Si diviene poi interpreti, in qualche modo strumenti, utilizzati da un coreografo per rendere manifesto il suo racconto. Ruolo non facile quello dell’interprete, poiché bisogna trovare il giusto equilibrio tra la propria creatività personale e le richieste del coreografo con cui stiamo lavorando e con cui non è detto che condividiamo la visione o il gusto. Ciò che si attua spesso come interpreti, è una delicata negoziazione degli spazi, mediando continuamente tra le suggestioni che arrivano dall’esterno e il cercare di riconoscersi in ciò che si sta facendo, mantenendo la propria identità artistica, compenetrandola e adattandola al senso estetico del coreografo. Se è vero che l’ultima parola spetta a lui, infatti, e che sarà sua la firma sul cartellone, è il danzatore a dover andare in scena, in un modo che non lo faccia sentire a disagio e che non tradisca la sua essenza.
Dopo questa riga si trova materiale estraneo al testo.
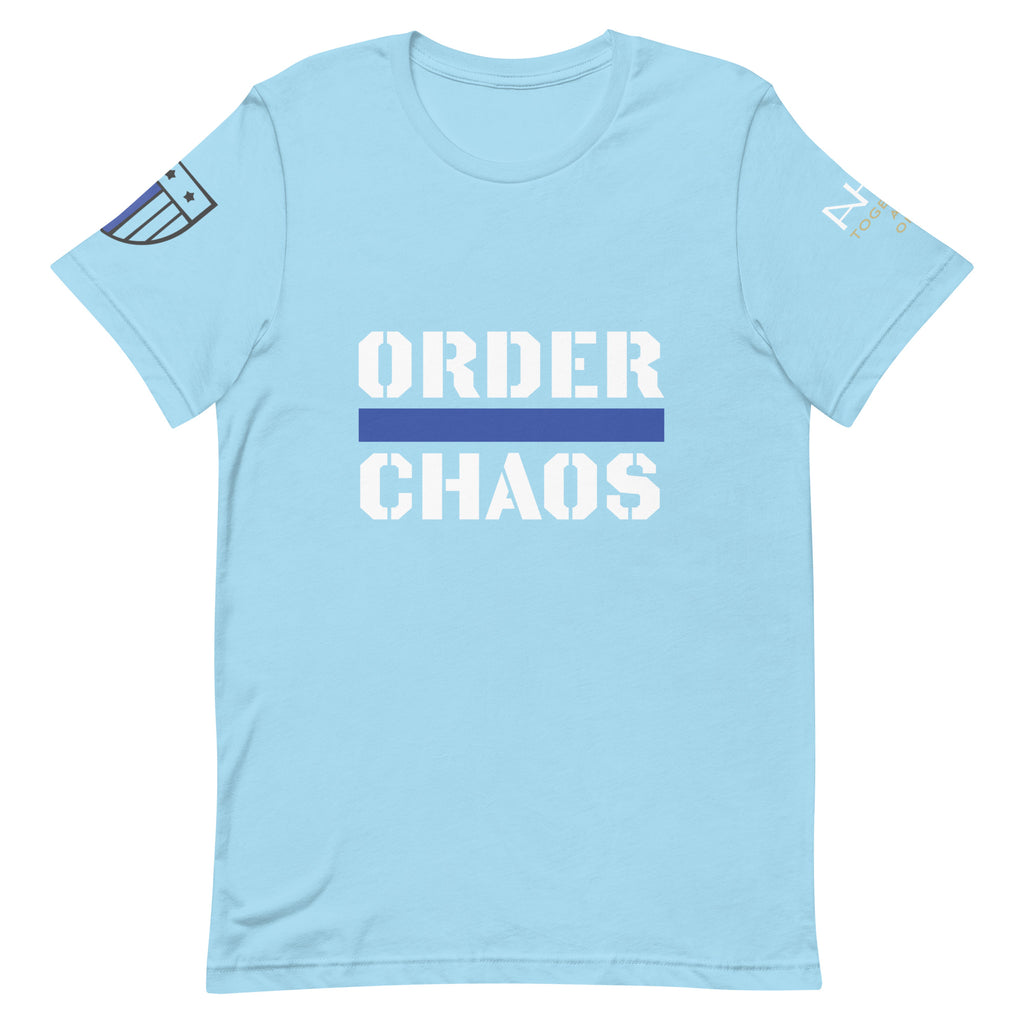 Order Over Chaos - Men's Thin Blue Line T-Shirt - American Heroes Apparel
Il coreografo, dal canto suo, dovrà essere in grado di trasmettere adeguatamente le informazioni ai suoi danzatori, evitando che l’idea rimanga solo nella sua testa. Può cercare di usare il suo stesso corpo per comunicare la sua richiesta, oppure le parole, le immagini, può proporre delle visualizzazioni: ogni mezzo può essere utile per portare i danzatori nel proprio mondo, dando loro del materiale su cui lavorare, che però dovrebbe avere come centro il movimento e il linguaggio del corpo, qualcosa che il danzatore possa tradurre in danza. In questa relazione tra coreografo e danzatore è molto importante che ognuno rimanga nel suo ruolo senza invadere il territorio dell’altro, a meno che questo non sia un desiderio di entrambi. Così come il coreografo si assume la responsabilità delle scelte per  sostenere con la sua presenza il lavoro dei suoi danzatori, allo stesso modo loro dovrebbero cercare di porsi in modo neutro e aperto davanti alle sue richieste, anche a quelle più folli, e con fiducia, poiché a volte bisogna saper attendere prima di avere una visione d’insieme di ciò che va costruendosi giorno dopo giorno. In entrambi i casi il giudizio dovrebbe essere messo da parte, per lasciare che la danza possa muoversi libera.

Si può decidere anche di divenire insegnanti a nostra volta. Considero una vera vocazione quella per l’insegnamento, che si sceglie come un profondo atto di generosità e di umiltà, dal momento che ci si mette al servizio di tutti coloro che desiderano apprendere, ponendosi sempre come dei principianti, per poter semplificare al massimo le informazioni e le correzioni da trasmettere e non cedere alla tentazione di issarsi sul piedistallo dell’onnipotenza o dell’onniscenza. So bene che l’umiltà non è più considerata una virtù nella società contemporanea, dove spesso viene scambiata per debolezza, ma penso che in questo mestiere in particolare sia da ricercare come una pietra preziosa, da usare come lente per osservare il cammino compiuto, quello da compiere e il luogo in cui si poggiano i piedi in questo momento.

Ad ogni ruolo la sua presenza, la sua dose di ego, le sue competenze. Non è automatico, con una semplice formazione da danzatori, essere in grado di gestire ognuno di questi ruoli. L’umiltà serve proprio a rendersi conto che è necessario spostarsi su un’altra sedia per poter vedere le cose con lucidità.